This review was originally written for The Public Reviews
When Frantic Assembly first produced their modernised Othello in 2008, artistic director Scott Graham hailed the play’s national tour as a ‘breakthrough moment’ for the company. Lauded for its energetic choreography and blistering intensity, the show won its Graham and co-director Steven Hoggett the award for Best Direction at the 2009 TMA Theatre Awards. Now, Frantic Assembly has revived the production, attempting to distil the intervening six years’ worth of experience into a fresh, invigorated perspective on Shakespeare’s gripping tragedy. The play is undoubtedly impactful, yet its throbbing emotion tends to scour the script of its essential subtleties.
Graham lifts Othello and his retinue from the sixteenth-century Ottoman-Venetian War and deposits them in a shabby West Yorkshire pub in the early 2000s. A pool table dominates the set; a fruit machine’s brash lights shimmer in the corner. Iago (Steven Miller), hair buzzed short, is clothed in a black nylon tracksuit, Desdemona (Kirsty Oswald) in a revealing hoodie cut off at her midriff. Othello (Mark Ebulue) swaggers about in a grey vest, a baseball bat his weapon of choice. Tempers simmer just below the surface and regularly boil over at the slightest provocation.
Rhythmic, heavily choreographed fight scenes intersperse the action. Broken bottles, pool cues, and flick knives are the Venetian army’s updated armoury. The walls of the pub occasionally roll back to reveal a dank brick wall scrawled with graffiti, over which hooded characters clamber and jump in their pugnacious revelry. A soundtrack of thumping house music periodically swells to several decibels above comfort-level, invading the senses and conjuring an effective reflection of the play’s all-consuming emotion.
Through this melee, Iago winds his Machiavellian way. Steven Miller’s antagonist is tremendously engaging, somehow managing to retain the audience’s sympathy for the majority of the performance. His discreet orchestration is made obvious through subtle hand gestures only the audience witness, and the stark relief his intelligence and cunning provide against the other characters’ blunt, tribal aggression is a welcome relief. It is only when his truly merciless nature surfaces towards the play’s denouement that a thrilling turning of the tables occurs.
Elsewhere, Ryan Fletcher’s Cassio is enjoyable, his Scottish brogue and languid charm entertaining.

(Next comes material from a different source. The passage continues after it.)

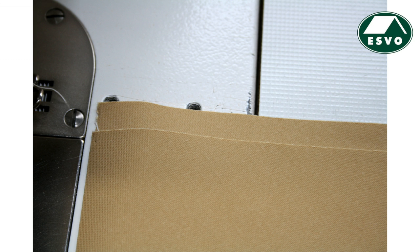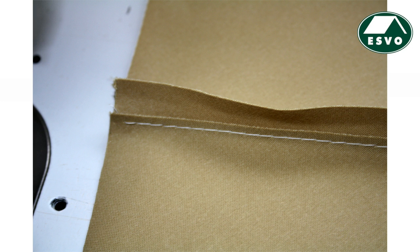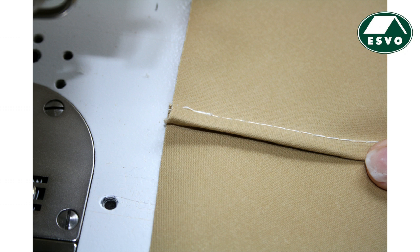Step 1: First press seam allowances open exactly at the seam line, and then press both to the side you want the flat felt seam. Step 2: Cut the seam allowance in the middle down to half.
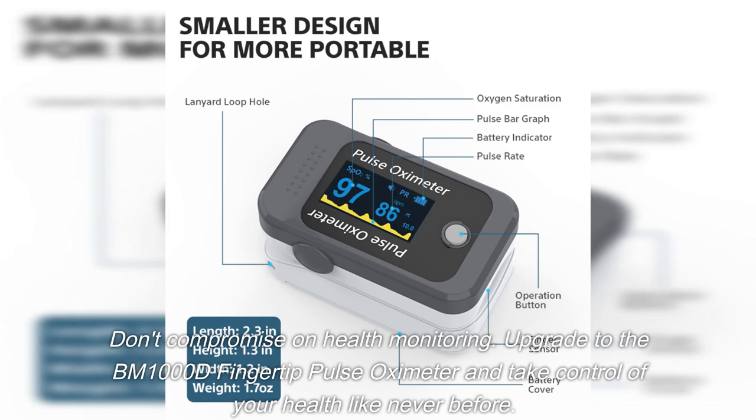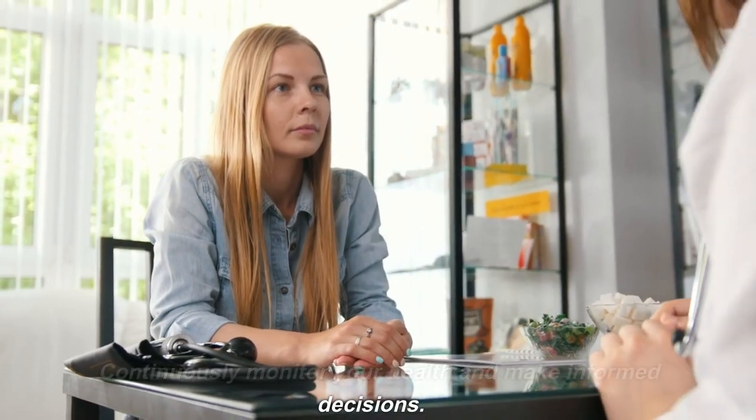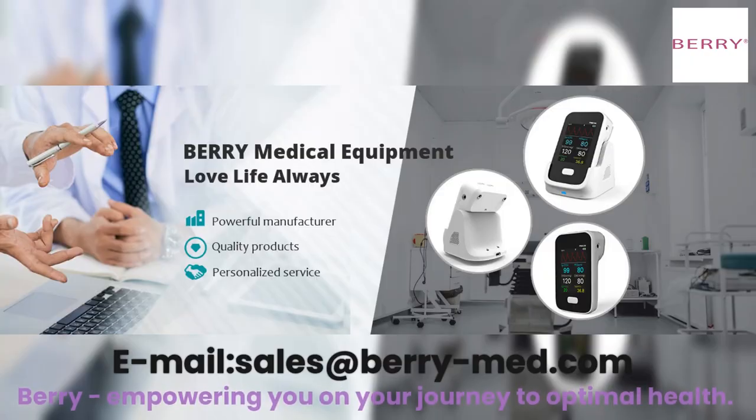Don't compromise on health monitoring. Upgrade to the BM1000D fingertip pulse oximeter and take control of your health like never before. Continuously monitor your health and make informed decisions. Empowering you on your journey to optimal health.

It is his drunken scenes that are most absorbing. The entire back wall of the pub set rolls and convulses, the other characters’ motions slow and the pulsating music deafens: effective devices to suggest Cassio’s ill-fated state of intoxication. There is good work from Leila Crerar as Emilia also; her gradual disenchantment with her scheming husband is well drawn out.
It is an undeniable paradox of modernising Shakespeare that, no matter what thought-provoking cultural parallels are exposed, something of the script’s emotional sophistication is always lost. This inconsistency is regrettably applicable here. The visceral content of Scott Graham’s adaptation makes the audience seriously question the moral legitimacy of what the Daily Mail calls ‘Britain’s Yob Culture’, but sacrifices some of the tragedy’s more elegant themes.
Othello’s envious fury is laudably believable, yet his divided heart is as underplayed as to be invisible. Desdemona’s love for her husband is plain to see, but where is the quintessential gentleness that renders her death so tragic? Desdemona is a fragile flower in a battlefield; here, she is a (slightly sympathetic) nettle amongst nettles.
One cannot quite escape the feeling that Graham has been too heavy-handed with his modernisation. The key emotional themes – jealousy, rage, love, hate – are all elevated to a sweltering level but although this creates an undoubtedly exhilarating ride, it simultaneously obliterates the delicacy essential for the tragedy to truly impact. The audience is blown away, yes, but so too is any discernible profundity.